WHAT YOU ARE ASKED TO DO: Look for the line containing "The Organic Cotton Lightweight Polo - black" in the entries below, then print that line and all that follow it exactly.

___ GIVEN DATA ___

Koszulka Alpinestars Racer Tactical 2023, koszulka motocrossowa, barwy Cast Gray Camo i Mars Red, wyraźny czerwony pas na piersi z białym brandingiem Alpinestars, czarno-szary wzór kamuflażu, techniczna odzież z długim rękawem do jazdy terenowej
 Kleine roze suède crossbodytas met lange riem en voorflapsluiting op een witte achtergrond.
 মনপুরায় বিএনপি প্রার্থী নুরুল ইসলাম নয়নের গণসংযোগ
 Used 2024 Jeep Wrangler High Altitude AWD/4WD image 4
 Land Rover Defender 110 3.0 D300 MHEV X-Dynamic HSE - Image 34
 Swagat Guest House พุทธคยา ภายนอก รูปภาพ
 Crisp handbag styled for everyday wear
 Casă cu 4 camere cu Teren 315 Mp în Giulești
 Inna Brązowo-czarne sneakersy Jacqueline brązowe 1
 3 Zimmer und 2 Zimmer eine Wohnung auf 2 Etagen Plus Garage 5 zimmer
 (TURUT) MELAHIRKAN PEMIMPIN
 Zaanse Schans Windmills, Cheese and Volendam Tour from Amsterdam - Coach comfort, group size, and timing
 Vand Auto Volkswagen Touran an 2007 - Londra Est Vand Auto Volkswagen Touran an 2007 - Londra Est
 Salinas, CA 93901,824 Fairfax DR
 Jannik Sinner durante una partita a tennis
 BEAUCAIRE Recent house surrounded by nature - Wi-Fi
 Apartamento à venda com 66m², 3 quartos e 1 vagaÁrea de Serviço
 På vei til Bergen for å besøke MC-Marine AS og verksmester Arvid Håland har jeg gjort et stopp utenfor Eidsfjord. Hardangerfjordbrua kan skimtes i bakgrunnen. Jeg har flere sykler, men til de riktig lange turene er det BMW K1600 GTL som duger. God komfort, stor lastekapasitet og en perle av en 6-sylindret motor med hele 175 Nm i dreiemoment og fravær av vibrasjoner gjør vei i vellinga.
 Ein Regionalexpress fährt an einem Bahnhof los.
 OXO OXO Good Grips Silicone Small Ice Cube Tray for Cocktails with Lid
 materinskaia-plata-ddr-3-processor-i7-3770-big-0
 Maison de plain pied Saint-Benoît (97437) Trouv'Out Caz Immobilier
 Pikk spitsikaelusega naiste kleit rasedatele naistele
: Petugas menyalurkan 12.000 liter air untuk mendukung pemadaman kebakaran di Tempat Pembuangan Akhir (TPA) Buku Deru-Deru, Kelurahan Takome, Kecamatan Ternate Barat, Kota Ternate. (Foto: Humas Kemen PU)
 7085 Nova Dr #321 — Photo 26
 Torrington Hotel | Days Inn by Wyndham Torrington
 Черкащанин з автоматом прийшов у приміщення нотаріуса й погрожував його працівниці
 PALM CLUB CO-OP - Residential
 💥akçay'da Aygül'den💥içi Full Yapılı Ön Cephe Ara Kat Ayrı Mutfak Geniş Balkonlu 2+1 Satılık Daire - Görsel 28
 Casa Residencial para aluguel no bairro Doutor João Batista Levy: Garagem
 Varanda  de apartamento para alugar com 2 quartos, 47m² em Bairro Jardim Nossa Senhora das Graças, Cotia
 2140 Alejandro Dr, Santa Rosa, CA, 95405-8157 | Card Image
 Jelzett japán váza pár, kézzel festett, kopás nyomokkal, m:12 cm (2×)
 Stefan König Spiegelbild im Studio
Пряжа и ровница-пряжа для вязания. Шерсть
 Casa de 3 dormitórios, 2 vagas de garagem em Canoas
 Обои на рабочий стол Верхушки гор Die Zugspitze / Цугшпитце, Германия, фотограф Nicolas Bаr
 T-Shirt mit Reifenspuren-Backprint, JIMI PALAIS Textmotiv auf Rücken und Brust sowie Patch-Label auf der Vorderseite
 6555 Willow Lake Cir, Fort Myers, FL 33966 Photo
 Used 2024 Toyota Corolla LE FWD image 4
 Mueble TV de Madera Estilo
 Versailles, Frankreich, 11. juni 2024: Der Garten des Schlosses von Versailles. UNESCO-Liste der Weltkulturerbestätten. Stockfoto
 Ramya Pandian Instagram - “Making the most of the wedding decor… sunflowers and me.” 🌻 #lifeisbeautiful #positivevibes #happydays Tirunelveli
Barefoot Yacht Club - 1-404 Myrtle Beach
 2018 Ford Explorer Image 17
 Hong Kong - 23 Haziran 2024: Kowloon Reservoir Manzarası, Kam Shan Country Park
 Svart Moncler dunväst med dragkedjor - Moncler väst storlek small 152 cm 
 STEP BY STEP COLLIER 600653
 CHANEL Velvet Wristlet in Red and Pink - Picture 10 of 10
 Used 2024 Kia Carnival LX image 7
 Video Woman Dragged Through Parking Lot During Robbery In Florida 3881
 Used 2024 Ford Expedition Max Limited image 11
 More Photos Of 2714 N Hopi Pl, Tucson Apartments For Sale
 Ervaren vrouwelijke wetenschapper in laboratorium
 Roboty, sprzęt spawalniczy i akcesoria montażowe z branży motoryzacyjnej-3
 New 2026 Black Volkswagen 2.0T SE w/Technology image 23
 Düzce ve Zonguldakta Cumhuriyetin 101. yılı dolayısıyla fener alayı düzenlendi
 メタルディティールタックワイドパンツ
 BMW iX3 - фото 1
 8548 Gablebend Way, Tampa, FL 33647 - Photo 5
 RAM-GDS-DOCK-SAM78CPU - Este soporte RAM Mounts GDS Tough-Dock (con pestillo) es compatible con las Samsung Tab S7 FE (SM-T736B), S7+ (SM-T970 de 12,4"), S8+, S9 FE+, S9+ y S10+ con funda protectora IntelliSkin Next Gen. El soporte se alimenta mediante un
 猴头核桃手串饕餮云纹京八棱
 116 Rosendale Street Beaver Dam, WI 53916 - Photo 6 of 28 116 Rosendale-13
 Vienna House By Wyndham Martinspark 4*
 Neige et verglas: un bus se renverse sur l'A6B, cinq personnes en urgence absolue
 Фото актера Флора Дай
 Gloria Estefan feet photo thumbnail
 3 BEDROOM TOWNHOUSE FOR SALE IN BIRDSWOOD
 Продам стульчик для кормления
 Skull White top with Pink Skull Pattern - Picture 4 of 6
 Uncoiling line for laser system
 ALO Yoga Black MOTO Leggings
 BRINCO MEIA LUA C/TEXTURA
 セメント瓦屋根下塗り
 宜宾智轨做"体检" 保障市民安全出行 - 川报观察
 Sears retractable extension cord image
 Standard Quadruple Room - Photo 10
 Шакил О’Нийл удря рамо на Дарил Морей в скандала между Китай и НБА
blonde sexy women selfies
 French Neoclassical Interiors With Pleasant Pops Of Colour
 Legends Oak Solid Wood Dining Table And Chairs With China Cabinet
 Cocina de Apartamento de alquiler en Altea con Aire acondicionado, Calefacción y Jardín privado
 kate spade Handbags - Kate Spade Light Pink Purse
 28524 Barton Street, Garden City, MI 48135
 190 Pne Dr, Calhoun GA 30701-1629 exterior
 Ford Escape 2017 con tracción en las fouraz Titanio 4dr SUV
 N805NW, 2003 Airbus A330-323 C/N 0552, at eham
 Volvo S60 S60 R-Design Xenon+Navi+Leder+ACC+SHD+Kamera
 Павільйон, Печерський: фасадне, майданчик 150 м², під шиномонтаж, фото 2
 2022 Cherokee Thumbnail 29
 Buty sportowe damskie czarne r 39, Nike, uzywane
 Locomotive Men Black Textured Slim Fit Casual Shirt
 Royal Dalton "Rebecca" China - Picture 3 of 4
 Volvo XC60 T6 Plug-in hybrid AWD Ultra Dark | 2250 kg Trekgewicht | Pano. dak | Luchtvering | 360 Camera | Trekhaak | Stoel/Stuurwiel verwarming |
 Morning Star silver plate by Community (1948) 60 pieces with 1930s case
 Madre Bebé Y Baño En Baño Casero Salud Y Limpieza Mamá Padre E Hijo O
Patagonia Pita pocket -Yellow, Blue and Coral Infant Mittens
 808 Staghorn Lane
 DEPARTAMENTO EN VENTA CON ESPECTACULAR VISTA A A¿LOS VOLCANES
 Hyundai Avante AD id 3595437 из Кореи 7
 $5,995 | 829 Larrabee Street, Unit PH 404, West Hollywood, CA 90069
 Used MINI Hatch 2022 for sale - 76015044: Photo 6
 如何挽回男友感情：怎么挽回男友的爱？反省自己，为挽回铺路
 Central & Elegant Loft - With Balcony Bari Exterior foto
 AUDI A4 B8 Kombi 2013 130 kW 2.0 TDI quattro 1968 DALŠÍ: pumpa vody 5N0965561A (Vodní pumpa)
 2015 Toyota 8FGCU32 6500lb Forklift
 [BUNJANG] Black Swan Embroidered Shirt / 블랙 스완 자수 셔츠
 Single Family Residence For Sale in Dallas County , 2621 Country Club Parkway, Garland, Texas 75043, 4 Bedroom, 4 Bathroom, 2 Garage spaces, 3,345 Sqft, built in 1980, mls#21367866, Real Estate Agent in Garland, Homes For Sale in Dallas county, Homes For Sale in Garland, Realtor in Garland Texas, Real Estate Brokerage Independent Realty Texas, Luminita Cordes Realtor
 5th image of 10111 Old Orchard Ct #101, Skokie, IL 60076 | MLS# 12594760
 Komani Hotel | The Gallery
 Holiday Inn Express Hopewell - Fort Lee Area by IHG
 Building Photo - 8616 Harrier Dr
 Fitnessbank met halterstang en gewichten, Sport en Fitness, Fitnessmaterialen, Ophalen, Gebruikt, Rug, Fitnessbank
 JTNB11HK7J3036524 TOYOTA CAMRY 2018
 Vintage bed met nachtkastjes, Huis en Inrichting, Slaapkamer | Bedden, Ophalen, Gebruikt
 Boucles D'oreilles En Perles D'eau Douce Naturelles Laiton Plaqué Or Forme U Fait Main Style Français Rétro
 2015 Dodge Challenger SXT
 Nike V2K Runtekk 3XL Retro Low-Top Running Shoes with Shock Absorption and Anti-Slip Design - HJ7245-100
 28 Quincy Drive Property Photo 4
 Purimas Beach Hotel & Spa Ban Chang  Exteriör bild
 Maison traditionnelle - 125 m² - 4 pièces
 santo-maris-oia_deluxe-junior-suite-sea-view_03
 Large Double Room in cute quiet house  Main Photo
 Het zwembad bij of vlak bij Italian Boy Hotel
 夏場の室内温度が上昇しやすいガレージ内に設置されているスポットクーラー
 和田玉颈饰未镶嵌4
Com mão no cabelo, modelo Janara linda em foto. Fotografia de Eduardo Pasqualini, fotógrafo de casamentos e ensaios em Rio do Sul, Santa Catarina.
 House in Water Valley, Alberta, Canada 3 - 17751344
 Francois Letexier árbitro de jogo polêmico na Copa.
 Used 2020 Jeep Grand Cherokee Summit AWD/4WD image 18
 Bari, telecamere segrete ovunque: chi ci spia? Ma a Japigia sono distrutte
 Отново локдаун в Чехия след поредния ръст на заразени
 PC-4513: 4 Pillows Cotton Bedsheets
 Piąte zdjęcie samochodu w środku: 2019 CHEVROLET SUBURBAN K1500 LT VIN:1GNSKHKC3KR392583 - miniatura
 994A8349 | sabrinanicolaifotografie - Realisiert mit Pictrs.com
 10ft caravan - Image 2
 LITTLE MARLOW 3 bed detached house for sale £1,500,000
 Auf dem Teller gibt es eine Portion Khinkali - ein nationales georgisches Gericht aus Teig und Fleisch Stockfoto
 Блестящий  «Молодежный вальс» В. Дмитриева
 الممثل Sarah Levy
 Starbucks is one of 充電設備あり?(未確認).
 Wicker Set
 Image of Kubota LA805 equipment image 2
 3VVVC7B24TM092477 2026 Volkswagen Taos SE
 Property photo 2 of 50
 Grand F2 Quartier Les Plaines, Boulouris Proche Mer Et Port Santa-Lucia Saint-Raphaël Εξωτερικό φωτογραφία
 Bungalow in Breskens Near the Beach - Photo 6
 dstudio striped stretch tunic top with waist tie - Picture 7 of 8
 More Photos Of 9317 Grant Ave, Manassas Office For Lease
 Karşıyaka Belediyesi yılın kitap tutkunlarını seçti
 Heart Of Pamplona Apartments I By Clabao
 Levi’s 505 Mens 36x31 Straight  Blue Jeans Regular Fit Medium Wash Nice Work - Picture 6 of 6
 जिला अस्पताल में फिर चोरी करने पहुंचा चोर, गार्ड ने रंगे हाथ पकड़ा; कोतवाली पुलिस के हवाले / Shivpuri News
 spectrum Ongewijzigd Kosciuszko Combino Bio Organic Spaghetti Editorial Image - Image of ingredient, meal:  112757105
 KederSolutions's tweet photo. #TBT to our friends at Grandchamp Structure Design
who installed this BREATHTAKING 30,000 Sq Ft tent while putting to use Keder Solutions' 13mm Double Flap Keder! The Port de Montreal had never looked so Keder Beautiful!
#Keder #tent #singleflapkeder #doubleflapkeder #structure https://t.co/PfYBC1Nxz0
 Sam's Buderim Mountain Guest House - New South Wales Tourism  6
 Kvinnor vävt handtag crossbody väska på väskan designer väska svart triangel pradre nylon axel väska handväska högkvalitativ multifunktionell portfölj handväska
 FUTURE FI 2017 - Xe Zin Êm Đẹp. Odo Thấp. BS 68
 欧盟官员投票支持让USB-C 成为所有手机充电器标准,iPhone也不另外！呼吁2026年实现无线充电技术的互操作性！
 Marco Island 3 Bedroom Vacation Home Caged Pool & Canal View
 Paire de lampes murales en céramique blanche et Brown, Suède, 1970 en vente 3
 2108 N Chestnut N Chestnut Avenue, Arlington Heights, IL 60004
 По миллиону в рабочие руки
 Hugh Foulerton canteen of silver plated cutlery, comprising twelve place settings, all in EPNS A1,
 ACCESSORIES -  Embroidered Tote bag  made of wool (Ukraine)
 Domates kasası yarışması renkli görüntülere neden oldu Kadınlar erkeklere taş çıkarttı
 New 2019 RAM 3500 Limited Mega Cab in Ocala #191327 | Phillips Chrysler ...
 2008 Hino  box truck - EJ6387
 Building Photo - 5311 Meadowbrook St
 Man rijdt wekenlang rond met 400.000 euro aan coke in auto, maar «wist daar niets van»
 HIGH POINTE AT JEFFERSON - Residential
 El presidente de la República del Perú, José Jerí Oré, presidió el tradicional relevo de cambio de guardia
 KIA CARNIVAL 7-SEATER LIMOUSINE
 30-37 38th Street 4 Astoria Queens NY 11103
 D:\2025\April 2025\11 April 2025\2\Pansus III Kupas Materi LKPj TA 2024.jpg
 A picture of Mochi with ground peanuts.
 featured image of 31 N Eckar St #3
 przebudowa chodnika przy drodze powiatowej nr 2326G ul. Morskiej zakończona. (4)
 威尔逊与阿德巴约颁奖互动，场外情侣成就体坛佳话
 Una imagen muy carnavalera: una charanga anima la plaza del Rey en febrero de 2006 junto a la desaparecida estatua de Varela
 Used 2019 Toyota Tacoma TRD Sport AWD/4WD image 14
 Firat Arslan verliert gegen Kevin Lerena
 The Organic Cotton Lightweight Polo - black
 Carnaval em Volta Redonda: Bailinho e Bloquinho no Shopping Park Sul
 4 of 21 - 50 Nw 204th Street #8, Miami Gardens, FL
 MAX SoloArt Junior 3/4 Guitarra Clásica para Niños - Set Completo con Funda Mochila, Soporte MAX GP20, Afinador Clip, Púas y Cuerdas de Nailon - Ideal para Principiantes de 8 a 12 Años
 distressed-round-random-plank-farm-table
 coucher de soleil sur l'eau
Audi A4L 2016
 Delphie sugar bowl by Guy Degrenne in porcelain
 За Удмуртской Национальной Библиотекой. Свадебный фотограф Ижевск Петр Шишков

___

RESPONSE TO THE EXERCISE:
 The Organic Cotton Lightweight Polo - black
 Carnaval em Volta Redonda: Bailinho e Bloquinho no Shopping Park Sul
 4 of 21 - 50 Nw 204th Street #8, Miami Gardens, FL
 MAX SoloArt Junior 3/4 Guitarra Clásica para Niños - Set Completo con Funda Mochila, Soporte MAX GP20, Afinador Clip, Púas y Cuerdas de Nailon - Ideal para Principiantes de 8 a 12 Años
 distressed-round-random-plank-farm-table
 coucher de soleil sur l'eau
Audi A4L 2016
 Delphie sugar bowl by Guy Degrenne in porcelain
 За Удмуртской Национальной Библиотекой. Свадебный фотограф Ижевск Петр Шишков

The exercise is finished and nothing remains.